Wednesday, June 13, 2018
Georgia's New Hands Free Law
Beginning July 1, 2018, the Georgia Hands-Free Act will go into effect. Here's what you need to know about the law and how it will be enforced.
House Bill 673 also known as the “Hands Free Law” was passed by the Georgia General Assembly and signed into law by Governor Nathan Deal. The Hands Free Law will take effect on July 1, 2018. The following is a brief description what the law states and some frequently asked questions. A link to the complete law can be found at www.gahighwaysafety.org.
- A driver cannot have a phone in their hand or use any part of their body to support their phone. Drivers can only use their phones to make or receive phone calls by using speakerphone, earpiece, wireless headphone, phone is connected to vehicle or an electronic watch.

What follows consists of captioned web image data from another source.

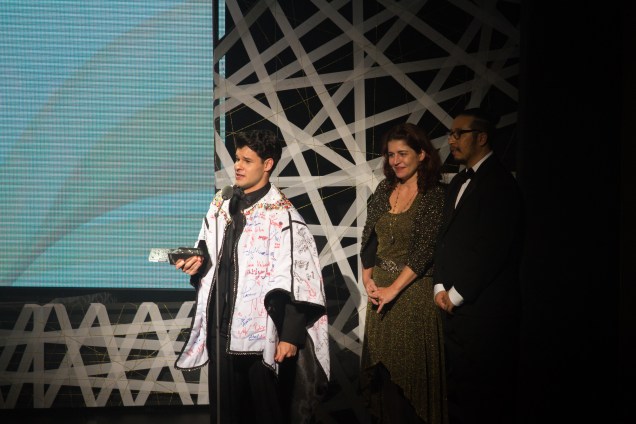 Ruy Brissac, de O Musical Mamonas, recebeu o prêmio de Melhor Ator Revelação (Foto: Natália Luz)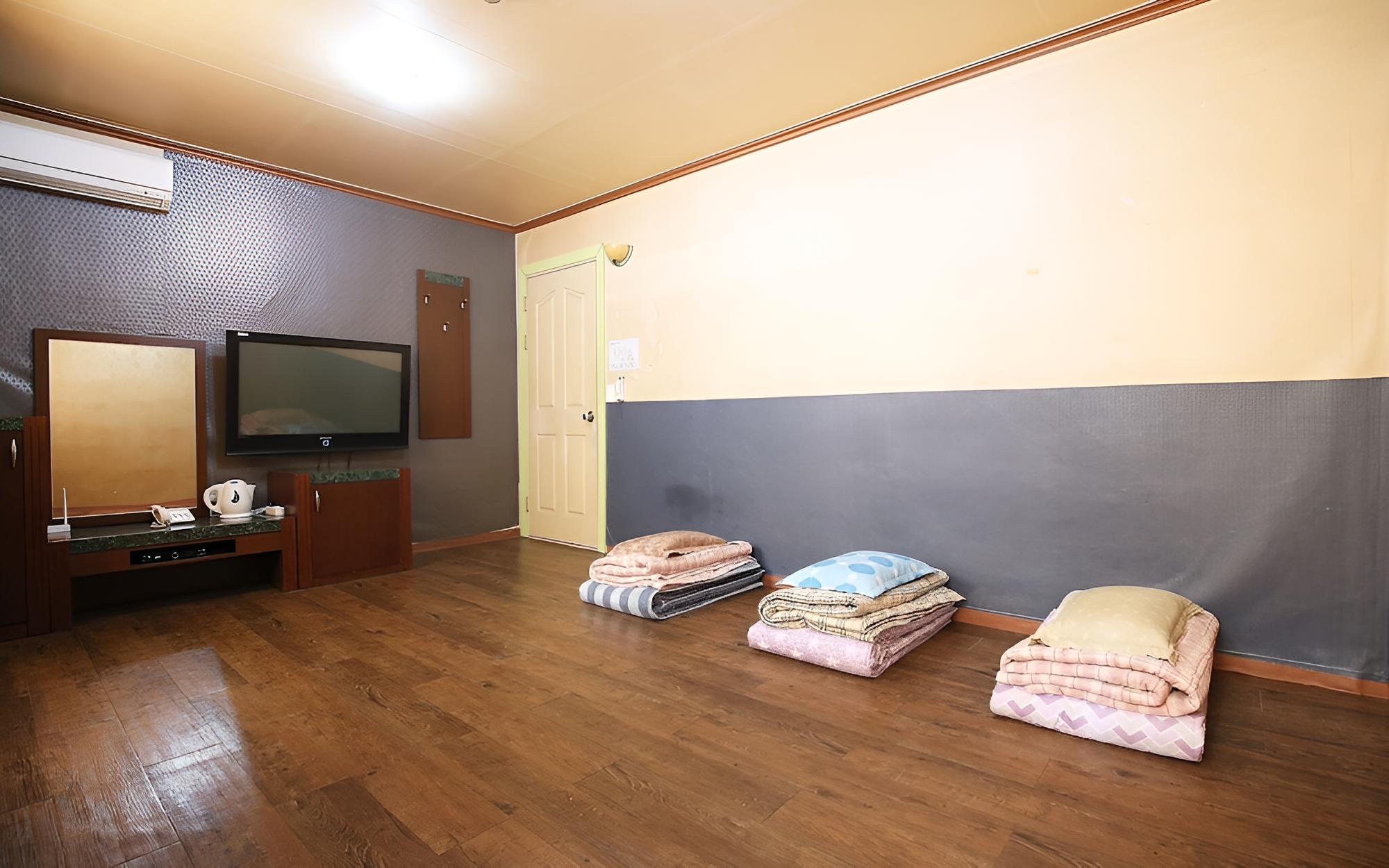 Room (Ondol (Additional charge of KRW 5000 ) - Photo 10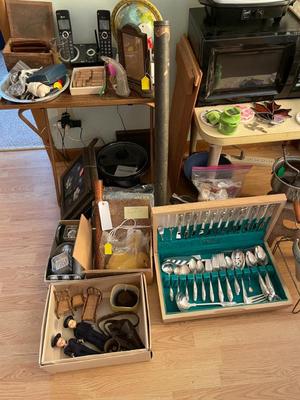Estate sale photo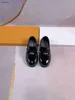 새로운 아기 운동화 반짝이는 특허 가죽 공식 신발 아이 신발 크기 26-35 상자 보호 흑인과 백인 소년 캐주얼 신발 24april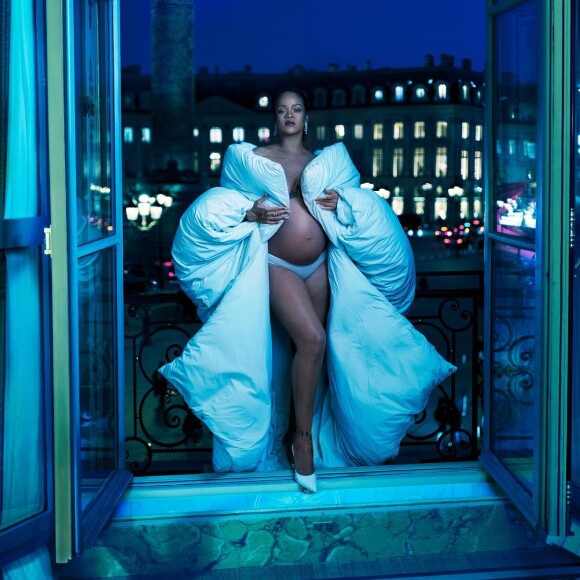 Rihanna absolument sublime dans Vogue, alors que son baby-bum grossit de jour en jour @ Instagram / Rihanna / Annie Leibovitz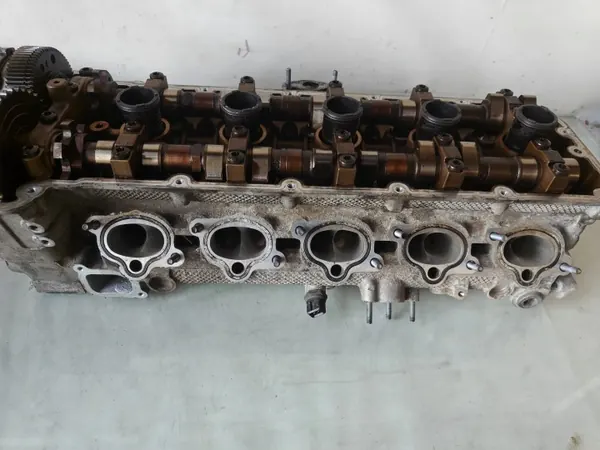 Culata derecha OEM 7833878 para BMW M5/M6 V10 image 5
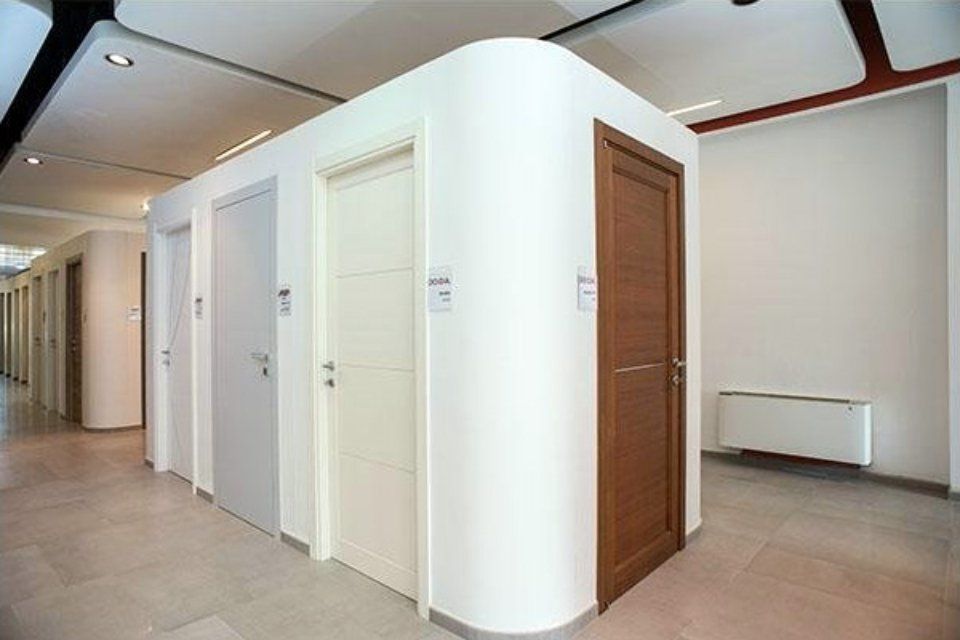 Porte diversi colori
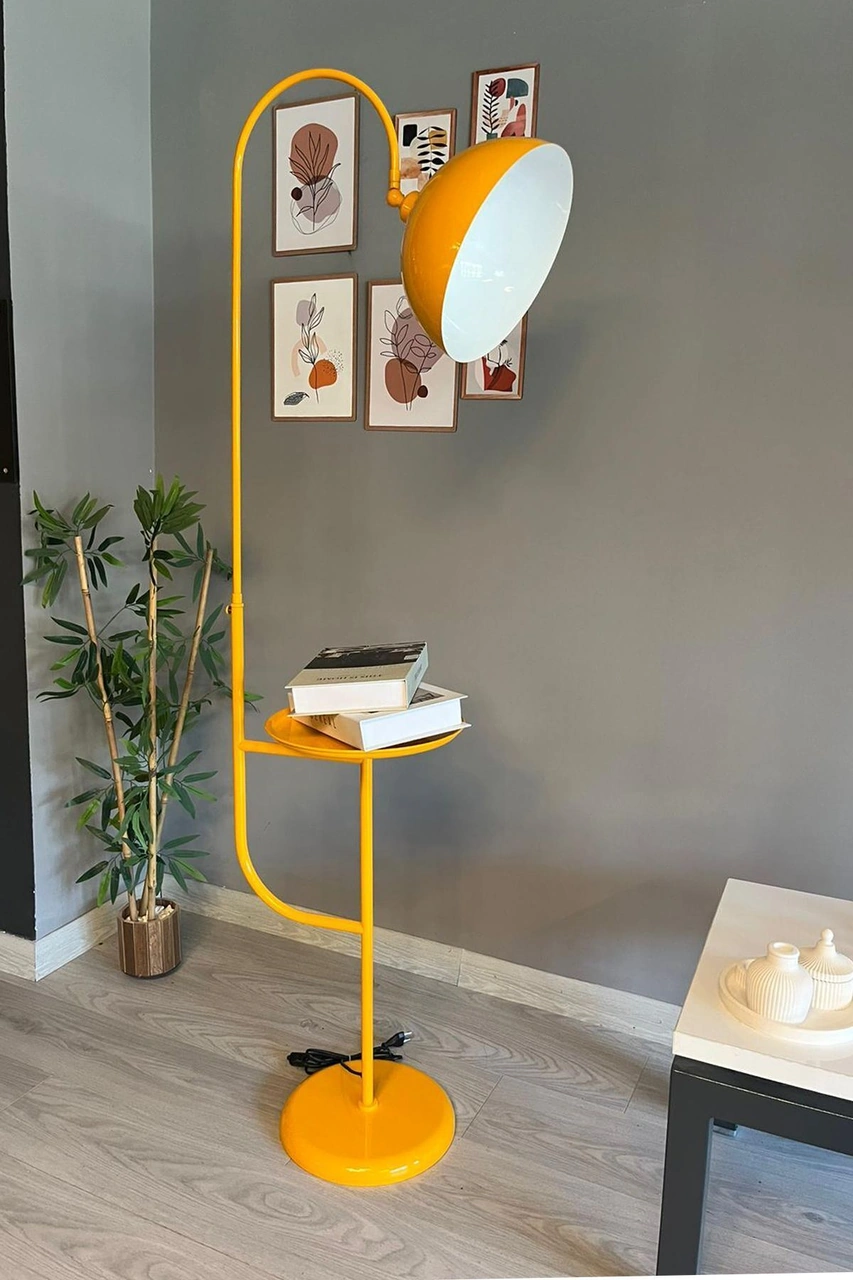 Sarı Lambader Hareketli Başlık Sehpalı Modern Dekoratif Metal Oturma Odası Çalışma Odası Sarı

GPS navigation devices are allowed.
- Headsets and earpieces can only be worn for communication purposes and not for listening to music or other entertainment
- A driver may not send or read any text-based communication unless using voice-based communication that automatically converts message to a written text or is being used for navigation or GPS
- A driver may not write, send or read any text messages, e-mails, social media or internet data content
- A driver may not watch a video unless it is for navigation.
- A driver may not record a video (continuously running dash cams are exempt)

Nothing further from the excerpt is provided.